Later in the story, he laments, "The house is full of sexy men/Monika, don't you love me anymore?" There are some wonderful absurdities in the lyrics, like "The biscuits are having a party - they're necking in our bread bin" and "As I was helping the potatoes off with their jackets I heard you making a date with the kettle." And I love the line, "Your finger sadly has a familiar ring about it." This track is approximately nine minutes - nine of minutes of wonderful oddities that I can't help but love.

The second of those two tracks (the fifth track) is a continuation of the story, and is subtitled "Epilogue." This one is much shorter, and the two really could have been offered all as one track. "We kissed the sleep from each other's eyes and went out into the world/And now summer's here again." Their home has lost its magic, in lines like "The room no longer a world for make-believing in/But a ceiling and four walls that are for living in."

"Yellow Book"

"Yellow Book" is a strange little song that really got under my skin. Here is a taste of the lyrics: "Your ear to the window pane/Listening for the secrets in the chatter of the rain/Which cloud has got married/Which one's left his wife/Which one has joined the army/Which one has lost its life." I really dig the piano on this track. It's songs like this that make me hope these guys are at least a bit serious, because I really like this song, and I'd feel a bit of a fool if it were all in jest.

"Mr. Tickle"

"Mr. Tickle" is another spoken word story, this one of a fifty-year-old man named Edward Tickle whose good house begins shaking. Edward figures it's hungry, and so feeds it bricks.

"Please Don't Run Too Fast"

"Please Don't Run Too Fast" is a goofy little tune about an old, lonely man watching children through the window. He sings, "Life is far too fast," and the line is repeated and sped up. Then the song returns to the main section again before he says to "Drop in anytime just to say hello."

"Ex Art Student"

This CD concludes with "Ex Art Student," another odd late '60s bit of pop, with vocals at first like the Beatles ("Good Day Sunshine"), and then possibly like Beach Boys or something, but only on the title line. (And on the "attic" bit, the song is reminiscent of The Who - listen to those drums and the bass.) The song fades out before the title line is repeated again. But mainly the song lists artists. There is also a section that is a deliberately messy bit of psychedelia, with sitar, and yes, with Jimi Hendrix again. Then it breaks back into "Ex art student," which caused me to laugh out loud.
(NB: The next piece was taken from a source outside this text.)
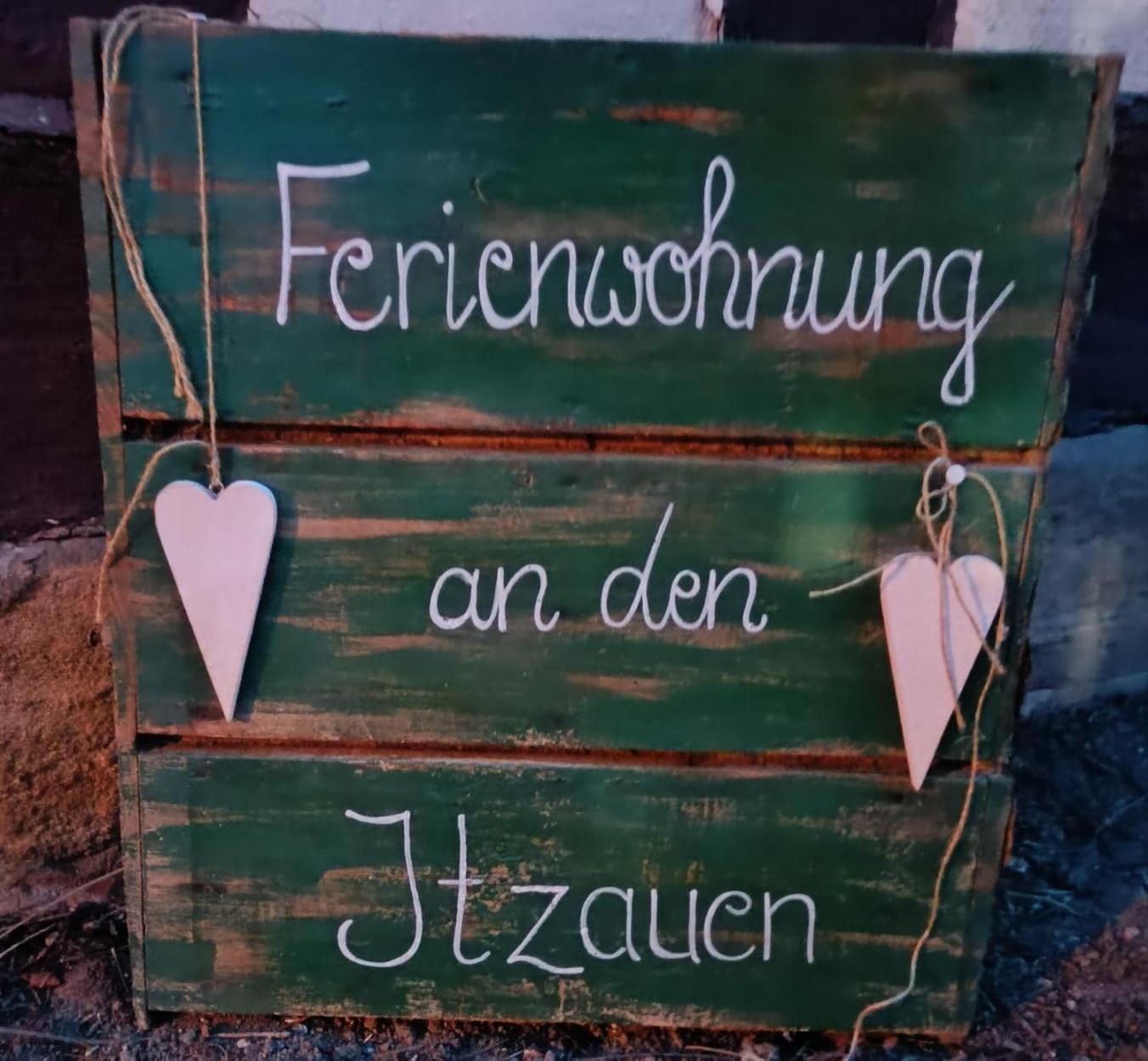 Ferienwohnung An Den Itzauen Großheirath Esterno foto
(But as these guys were part of a comedy team, you have to wonder if they're perhaps making fun of the whole psychedelic music thing.)

CD Track List
  1. So Much
  2. Little Bit Of Heaven
  3. Basement
  4. "From: Frink, A Day In The Life Of" and "Summer With Monika": Prologue Introducing a) Moanin' And b) Anji
  5. "From: Frink, A Day In The Life Of" and "Summer With Monika" Epilogue
  6. Come Close And Sleep Now
  7. Yellow Book
  8. House In My Head
  9. Mr. Tickle
  10. Living Room
  11. Do You Remember
  12. Please Don't Run Too Fast
  13. Ex Art Student
This special re-issue of McGough And McGear as released on February 21, 2012 through Real Gone Music.